Retype exactly the lines of the listing below from the one with "These dressy shoes" through the last, both included, and leave every picture out.

═════ RECORDS FOR THIS TASK

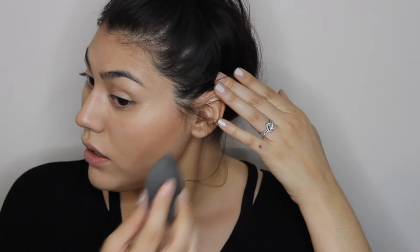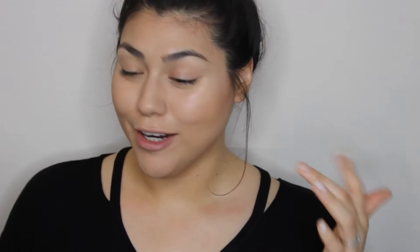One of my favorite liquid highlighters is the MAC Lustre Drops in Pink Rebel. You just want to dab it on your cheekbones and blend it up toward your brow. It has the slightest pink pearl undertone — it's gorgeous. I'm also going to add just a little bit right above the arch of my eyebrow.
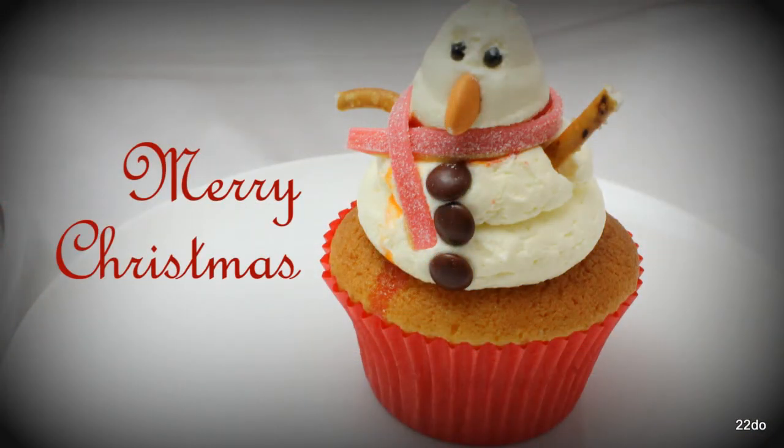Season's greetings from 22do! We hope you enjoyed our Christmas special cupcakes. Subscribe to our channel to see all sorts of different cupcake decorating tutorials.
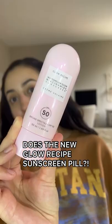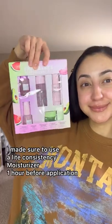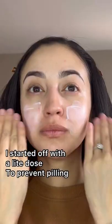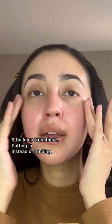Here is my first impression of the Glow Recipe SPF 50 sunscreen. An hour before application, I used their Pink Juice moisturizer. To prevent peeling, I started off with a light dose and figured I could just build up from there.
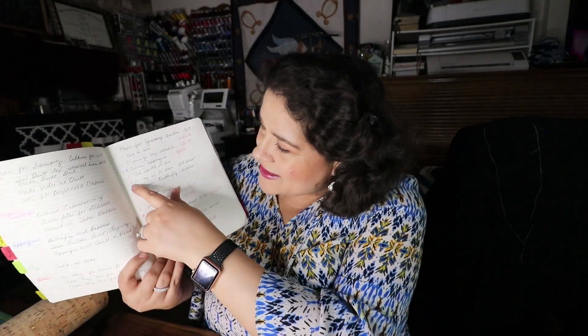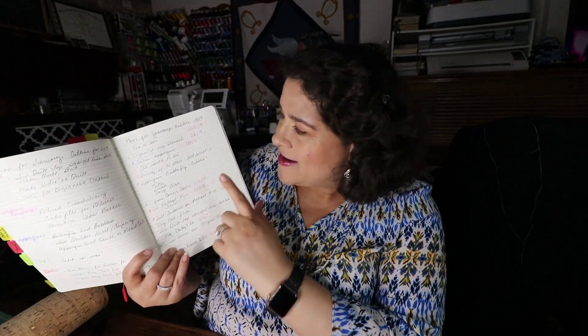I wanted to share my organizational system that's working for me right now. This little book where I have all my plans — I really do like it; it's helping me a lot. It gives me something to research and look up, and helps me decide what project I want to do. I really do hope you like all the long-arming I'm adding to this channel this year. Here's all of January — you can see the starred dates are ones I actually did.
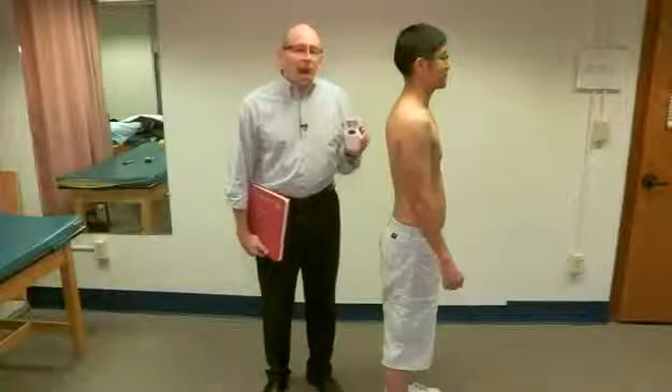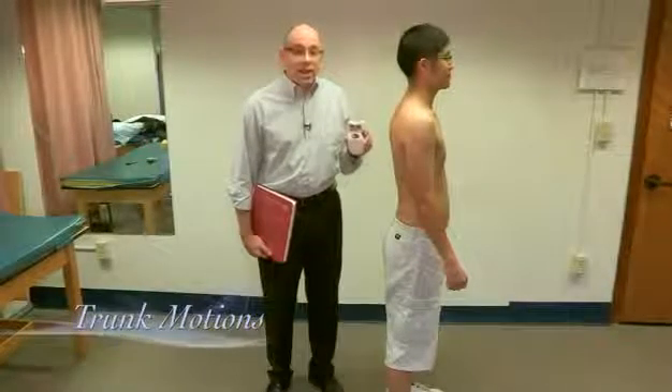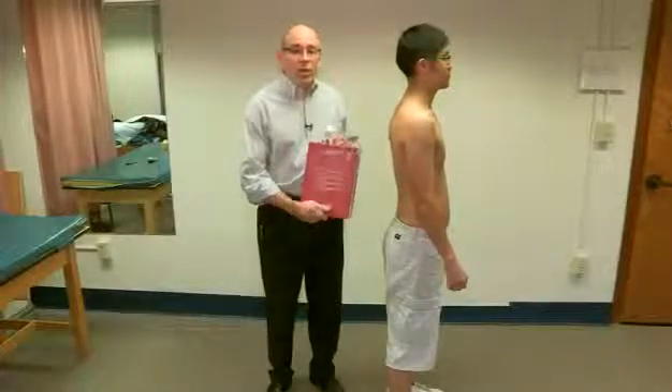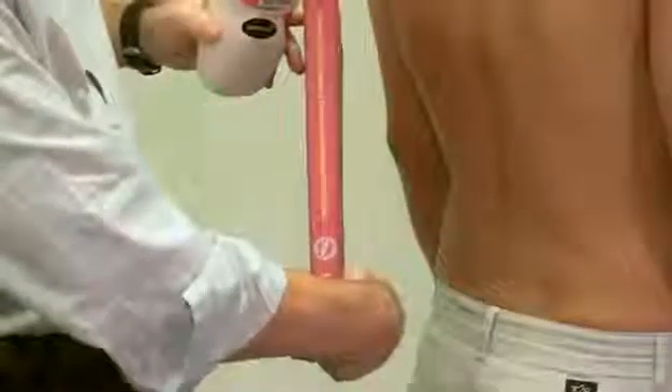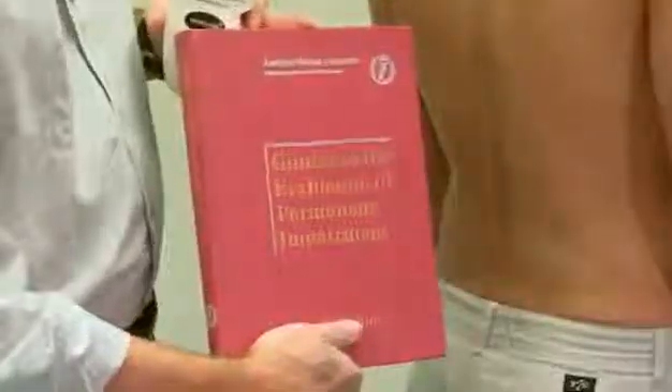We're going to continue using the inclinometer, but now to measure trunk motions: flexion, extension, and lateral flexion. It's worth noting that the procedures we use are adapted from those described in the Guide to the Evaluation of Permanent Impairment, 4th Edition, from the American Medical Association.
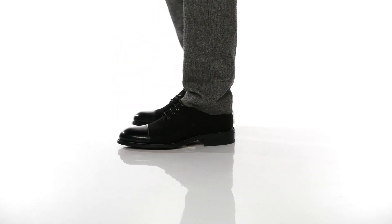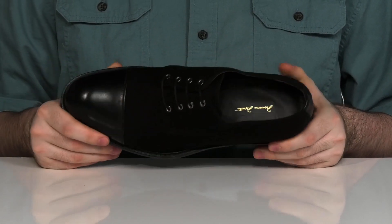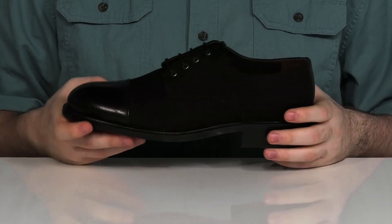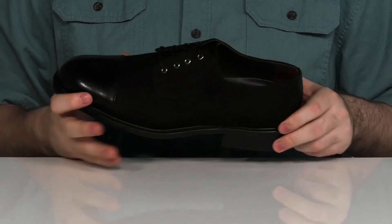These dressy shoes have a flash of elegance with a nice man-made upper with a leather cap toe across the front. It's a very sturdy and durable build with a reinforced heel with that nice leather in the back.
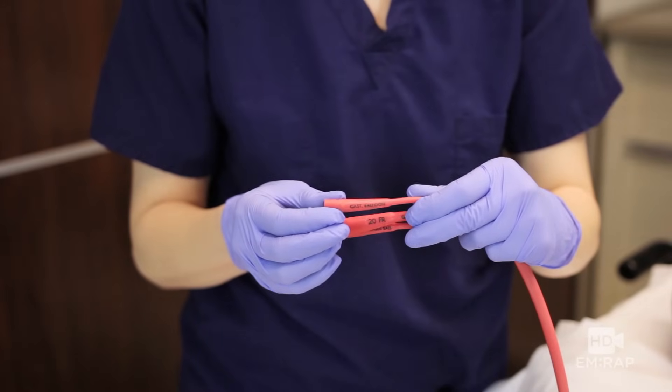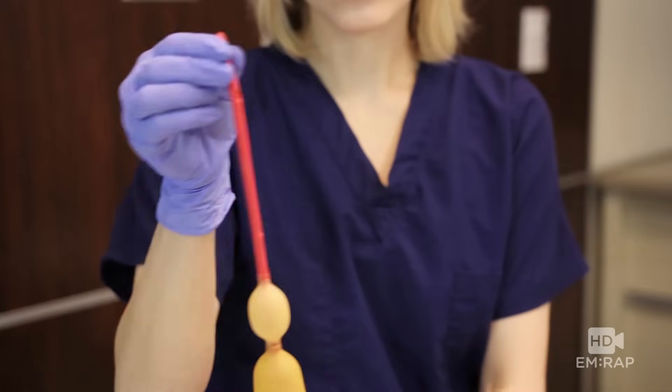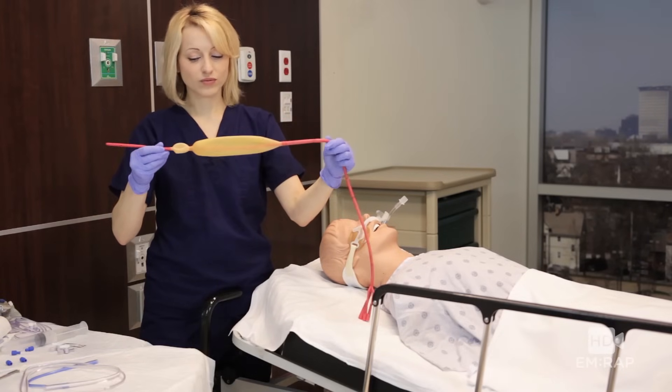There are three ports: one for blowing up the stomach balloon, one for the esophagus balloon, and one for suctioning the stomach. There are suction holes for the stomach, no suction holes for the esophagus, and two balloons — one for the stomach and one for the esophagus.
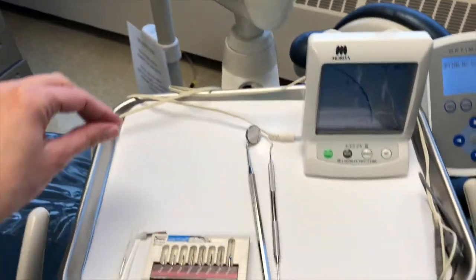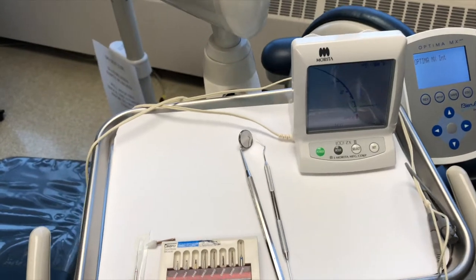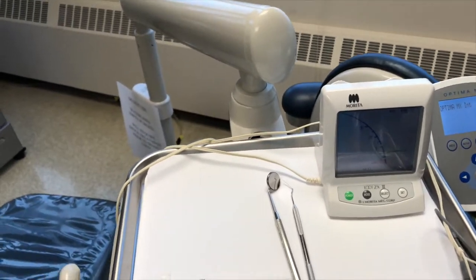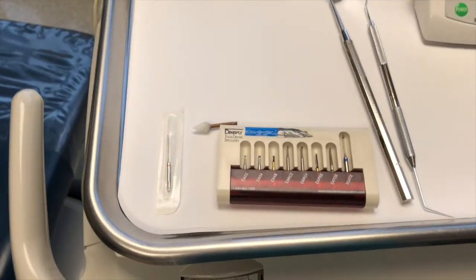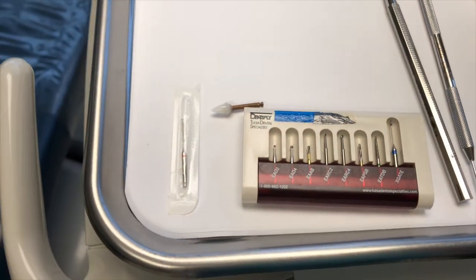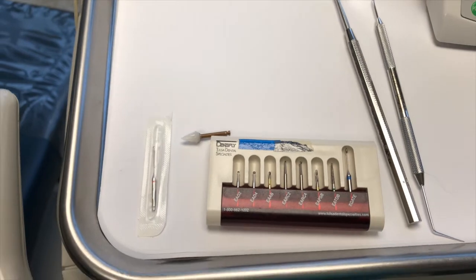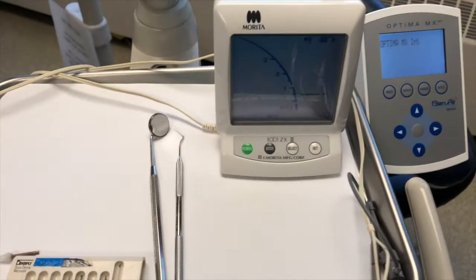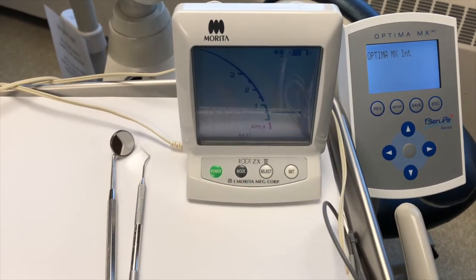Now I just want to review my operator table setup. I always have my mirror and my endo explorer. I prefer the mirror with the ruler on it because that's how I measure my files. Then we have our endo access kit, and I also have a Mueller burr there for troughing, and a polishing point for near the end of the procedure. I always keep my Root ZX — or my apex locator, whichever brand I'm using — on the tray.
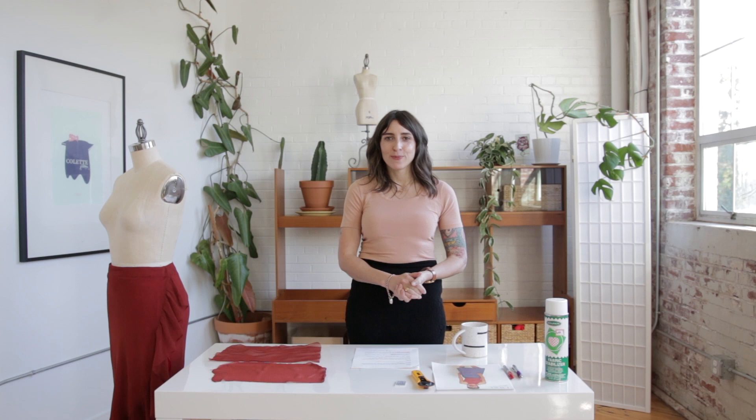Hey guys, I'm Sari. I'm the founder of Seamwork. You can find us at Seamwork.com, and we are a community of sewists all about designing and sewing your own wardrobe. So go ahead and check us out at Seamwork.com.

══════════

- **RESULT**
These dressy shoes have a flash of elegance with a nice man-made upper with a leather cap toe across the front. It's a very sturdy and durable build with a reinforced heel with that nice leather in the back.
There are three ports: one for blowing up the stomach balloon, one for the esophagus balloon, and one for suctioning the stomach. There are suction holes for the stomach, no suction holes for the esophagus, and two balloons — one for the stomach and one for the esophagus.
Now I just want to review my operator table setup. I always have my mirror and my endo explorer. I prefer the mirror with the ruler on it because that's how I measure my files. Then we have our endo access kit, and I also have a Mueller burr there for troughing, and a polishing point for near the end of the procedure. I always keep my Root ZX — or my apex locator, whichever brand I'm using — on the tray.
Hey guys, I'm Sari. I'm the founder of Seamwork. You can find us at Seamwork.com, and we are a community of sewists all about designing and sewing your own wardrobe. So go ahead and check us out at Seamwork.com.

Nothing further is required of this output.